Kann man als Angehöriger selbst eine Trauerrede mit KI schreiben?

Vielleicht stehen Sie gerade an einem Punkt im Leben, an dem alles stillzustehen scheint. Ein geliebter Mensch ist gestorben. Der Kopf ist voll, das Herz schwer – und doch muss so vieles organisiert werden. Oder vielleicht ist ein naher Angehöriger schwer krank und Sie denken darüber nach, wie das gehen kann, wenn…
Sie sitzen da, mit einem Notizblock in der Hand. Der Computer ist offen. Sie haben ‚Trauerrede schreiben mit KI‘ bei Google eingegeben…“ Es klingt möglich: Schnell, kostenlos, unkompliziert. Einige Daten eingeben, Knopf drücken – fertig. Und dann selbst vorlesen bei der Trauerfeier.

Aber ist das wirklich der richtige Weg für einen so besonderen, so persönlichen Abschied?

Im Folgenden möchte ich zehn Gründe zu bedenken geben, die dagegen sprechen, dass Angehörige selbst die Trauerrede mit Hilfe von KI erstellen und dann vorlesen.

(1) Das Trauergespräch ist genau so wichtig wie die Trauerfeier selbst – verzichten Sie nicht darauf!

Das Gespräch mit einer Trauerrednerin ist nicht nur Vorbereitung, nicht nur Informationen sammeln für die Rede. Es ist oft ein erster Schritt, Erinnerungen zu ordnen, Gefühle zuzulassen, Abschied zu begreifen. Wenn wir zusammen sitzen, können Sie tief in Ihre Erinnerungen eintauchen, weinen und lachen, Geschichten erzählen; wir schauen miteinander Fotos an, wir lernen einander ein bisschen kennen. So können Sie Vertrauen fassen, dass Sie am Tag der Trauerfeier in guten Händen sind. So oft sagen mir Angehörige nach dem Gespräch – „das hat jetzt aber gut getan.“

Der Wunsch, „alles selbst zu machen“, kann aus einem Verantwortungsgefühl oder Schuld heraus entstehen. KI scheint da eine einfache Lösung. Doch es bleibt dabei: Trauer ist kräftezehrend. Sich selbst zusätzlich die Aufgabe der Rede zuzumuten, kann eine unnötige Belastung sein.
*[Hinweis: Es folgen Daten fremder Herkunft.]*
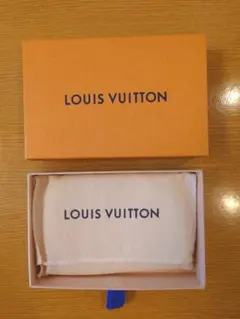 LOUIS VUITTON ギフトボックス 保存袋 セット - メルカリ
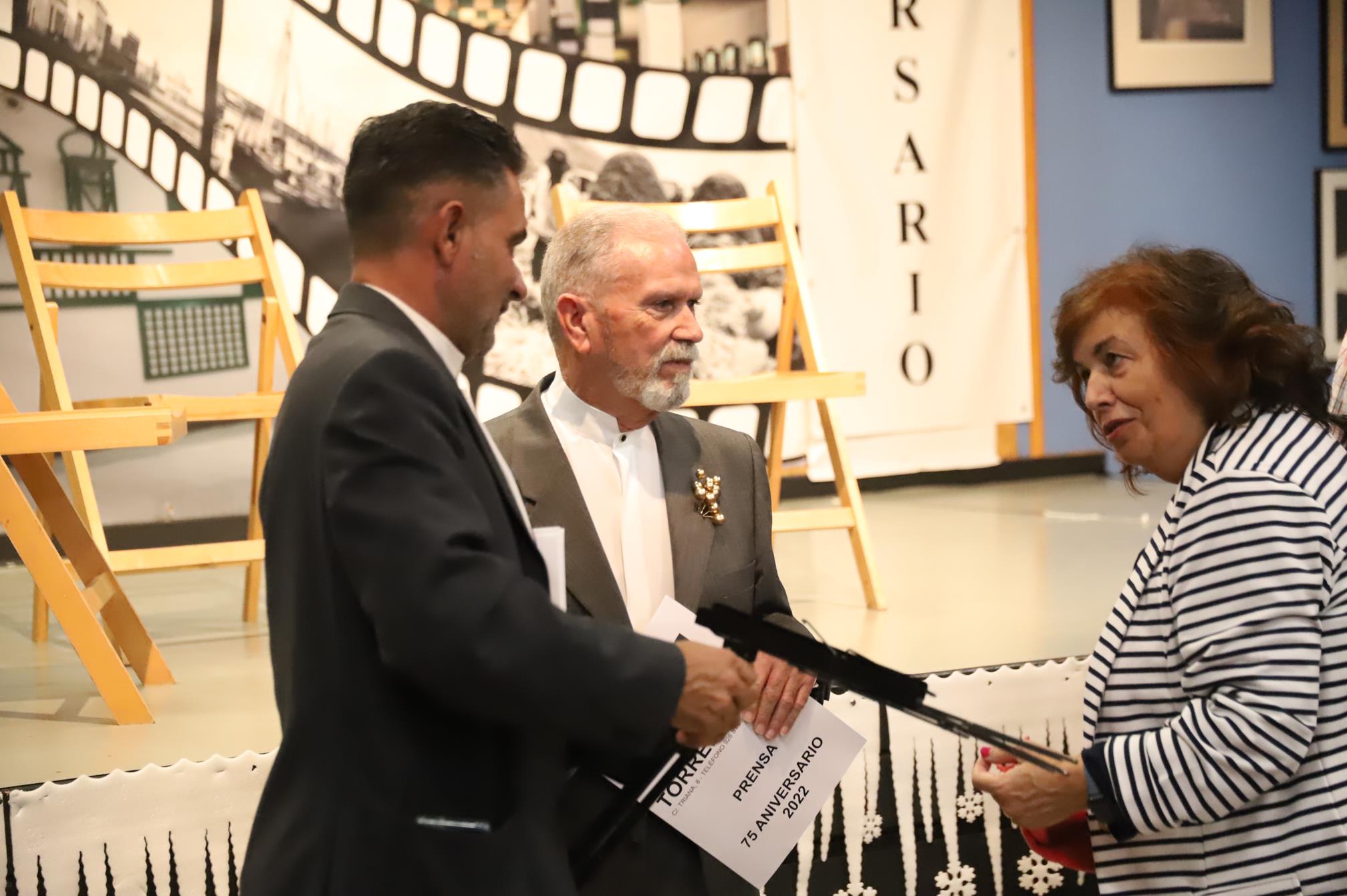 Actuación del grupo Rancho de Pascua Archinech' Actuación del grupo Rancho de Pascua Archinech'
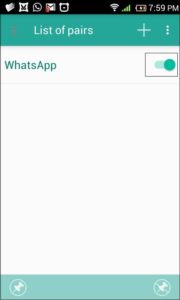 通過 Foldermount 將 Whatsapp 文件更改為 SD 卡文件夾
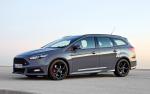 Ford Focus ST Turnier 2014 года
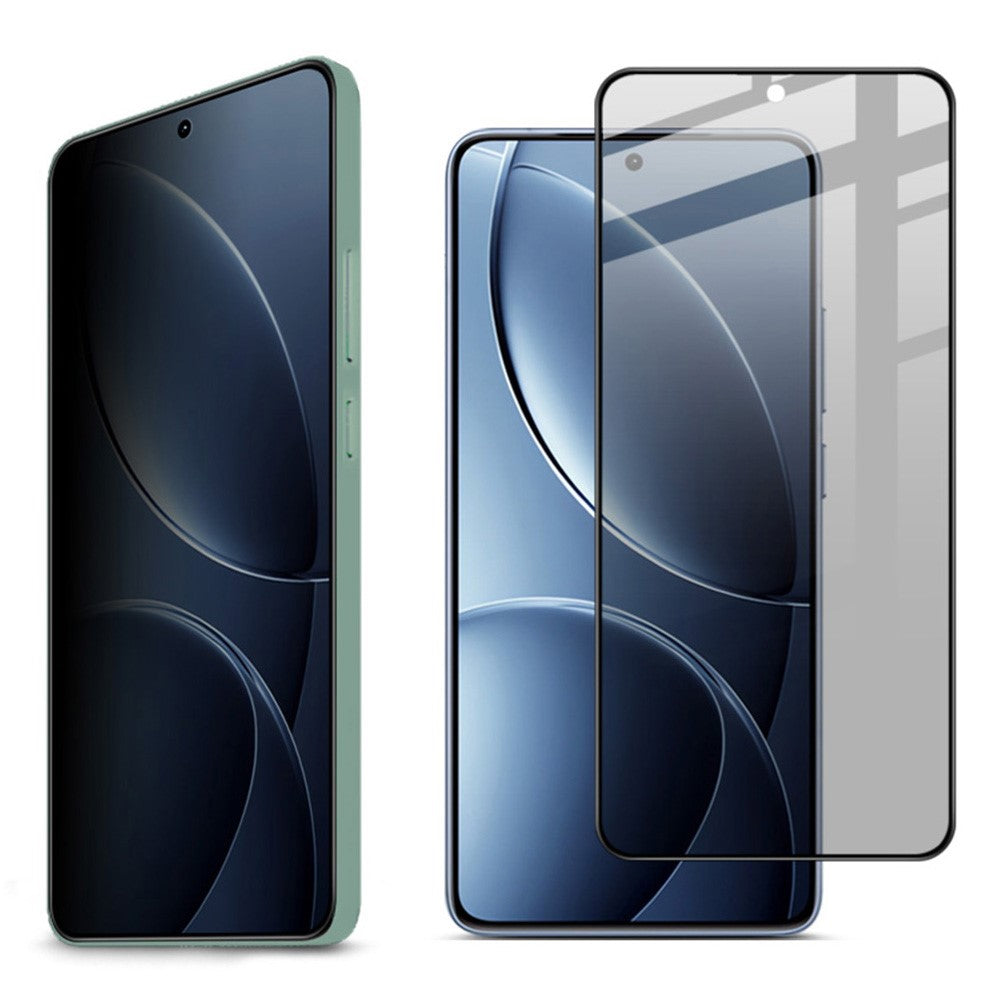 IMAK Anti Peep Film for Xiaomi Poco F7 Ultra 5G / Poco F7 Pro 5G / Redmi K80 5G / K80 Pro 5G / K80 Pro Champion Edition Tempered Glass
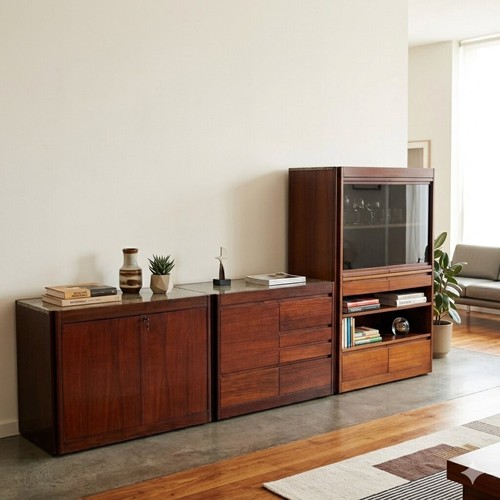 Meuble molteni vintage - molteni,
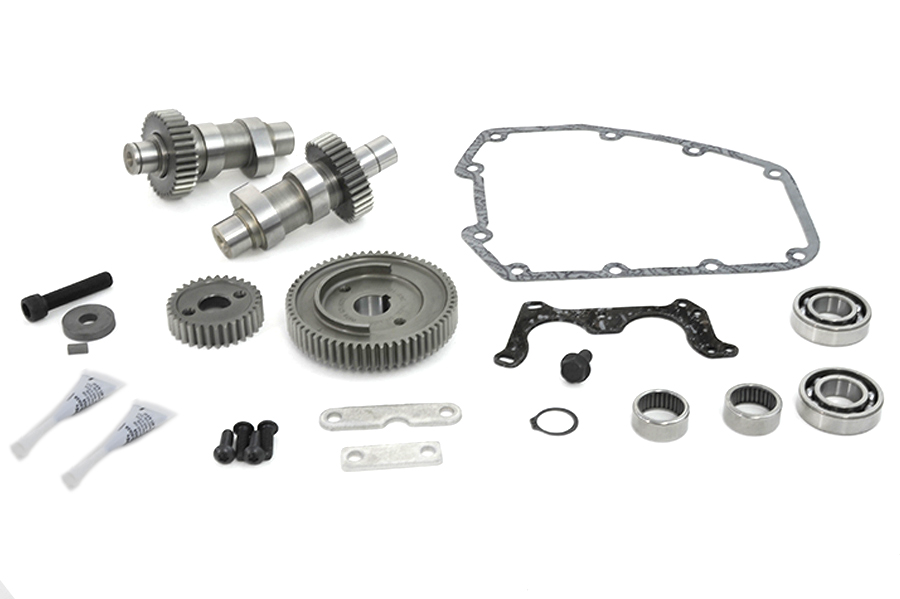 S&S Gear Drive Cam Shaft Kit 88" - 95" Engines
(2) „Das Wort, das Dir hilft, kannst Du Dir nicht selbst sagen…“ (äthiopisches Sprichwort)

Ohne Trauergespräch kann in der Rede nur vorkommen, was Ihnen jetzt im Moment bewusst ist. Die Gefahr ist, dass Sie sich entweder in Emotionen verlieren, oder dass Sie nur die kalten Fakten notieren. Als ich selbst dran saß, mir Gedanken über die Trauerrede für meinen Vater zu machen, habe ich gemerkt, wie unheimlich schwer es ist, einen klaren Gedanken zu fassen, meinen Vater zu beschreiben, über das hinaus, was er für mich war und welche Schwierigkeiten wir auch immer mal wieder miteinander hatten. Wie sollte ich da gleichzeitig auch den anderen Familienmitgliedern gerecht werden?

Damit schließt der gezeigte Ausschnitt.